Completely contrary to the 840 EVO, the 850 PRO SSDs with their capacity up to a TB are the best thing ever!


----------



## Kevin Smithers

So if I format to MS DOS, do the firmware update on a PC and then format to MAC OS Journaled will the update carry on?


----------



## Mahlon

Just for info, I bought an EVO 256 in January 2014. So far no problems and reading at about 520 MB/S. I only use it for sample streaming.

Mahlon


----------



## Soundhound

I sent 4 1TB EVOs back to Samsung and got replacements. 3 seem fine, one is defective (I was able to format it, but Disk Utility says it can't be repaired—it actually crashed my system several times. I'm sending that one back to them. I've been using two of the others for a few weeks, I use them only for streaming samples, and so far they seem okay. 

I asked about replacing them with the EVO Pros and they said no, the EVO Pros cost quite a bit more. Hopefully these will keep working fine. If not, I'm going to see about getting a refund for all of them, and then buy something else. Fingers crossed.


----------



## milesito

Thanks for providing this feedback Soundhound.


----------



## Guy Rowland

My Black Friday ambivolence has just been prodded a little by an upcoming 1TB EVO sale at Amazon. What's the consensus now - safe to buy again and check / replace the firmware first if necessary?


----------



## OLB

Thanks for the heads up Guy, I went for it. I was sitting on the fence anyway. 

I already have one and what I would probably do is check the firmware on the new one and then copy everything over from the old one. Only good experiences with the EVO's so far.


----------



## Guy Rowland

OLB @ Fri Nov 28 said:


> Thanks for the heads up Guy, I went for it. I was sitting on the fence anyway.
> 
> I already have one and what I would probably do is check the firmware on the new one and then copy everything over from the old one. Only good experiences with the EVO's so far.



Yeah I went for it too, so much for my virtuous Black Friday patience. Well, it's not software I guess...

I've had a plan for a while to convert the laptop to SSD. There's never been a 1TB close to £240 before. I'll do exactly as you say - check and update the firmware first. I can see it being a while til I get round to this whole renovating-the-laptop job though, as its going to be spectacularly boring.


----------



## Neifion

So to download this performance fix, does one just update the firmware through Samsung Magician, or is there a webpage to download from?


----------



## Soundhound

Anyone have info on how you check to see if your EVO drives have the firmware update?


----------



## ChristopherDoucet

So I'm sorry, I'm just still a little bit confused. So with the firmware upgrade, these should completely fine to use for PC users?


----------



## NYC Composer

ChristopherDoucet @ Sun Dec 07 said:


> So I'm sorry, I'm just still a little bit confused. So with the firmware upgrade, these should completely fine to use for PC users?

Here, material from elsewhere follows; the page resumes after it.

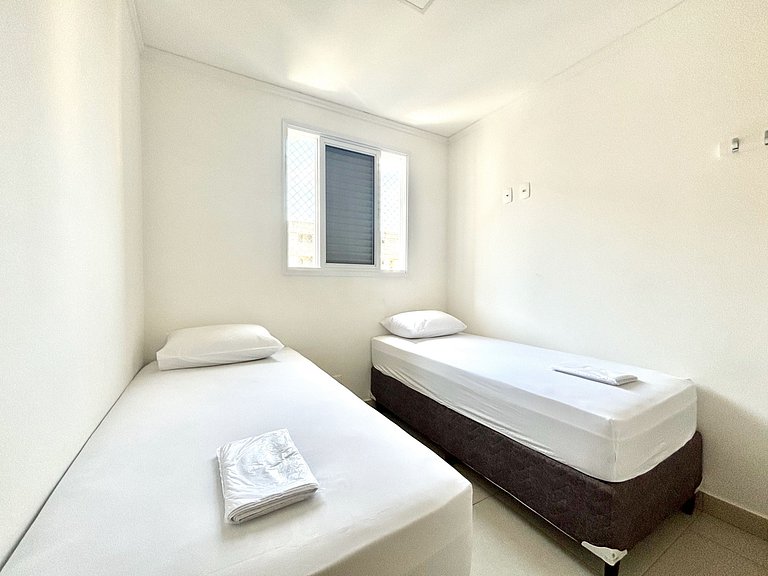 506_Apartamento 2 quartos 200m da praia c/ AC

As the issue stands at present, I don't think it's clear whether the firmware update will hold over time.


----------



## Dan Selby

What's the word on this, has the firmware upgrade fixed this issue? I'm thinking about buying a 1TB SSD to try to breathe some new life into my labouring office laptop (Dell Win7 (64bit) PC) and this seems to be, by a margin, still the cheapest 1TB SSD I've found.

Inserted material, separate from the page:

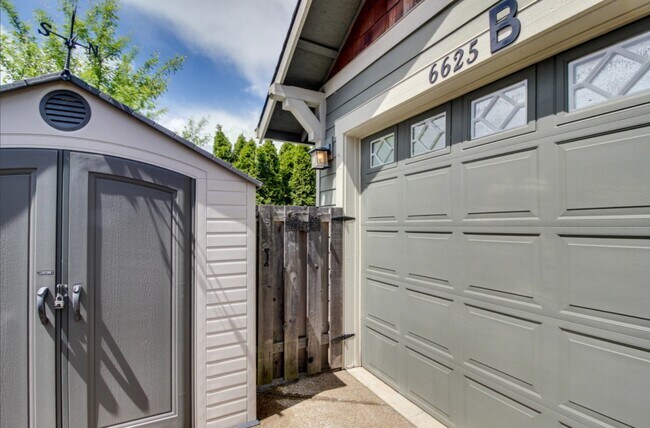 Building Photo - 6625 Amherst N St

Safe to buy this model to use as a laptop system and data drive or not?

Thanks! 

Dan


----------



## NYC Composer

Dan Selby @ Wed Jan 14 said:


> What's the word on this, has the firmware upgrade fixed this issue? I'm thinking about buying a 1TB SSD to try to breathe some new life into my labouring office laptop (Dell Win7 (64bit) PC) and this seems to be, by a margin, still the cheapest 1TB SSD I've found.
> 
> Safe to buy this model to use as a laptop system and data drive or not?
> 
> Thanks!
> 
> Dan



As Remo the Mafia don said in Casino- "why take a chance?"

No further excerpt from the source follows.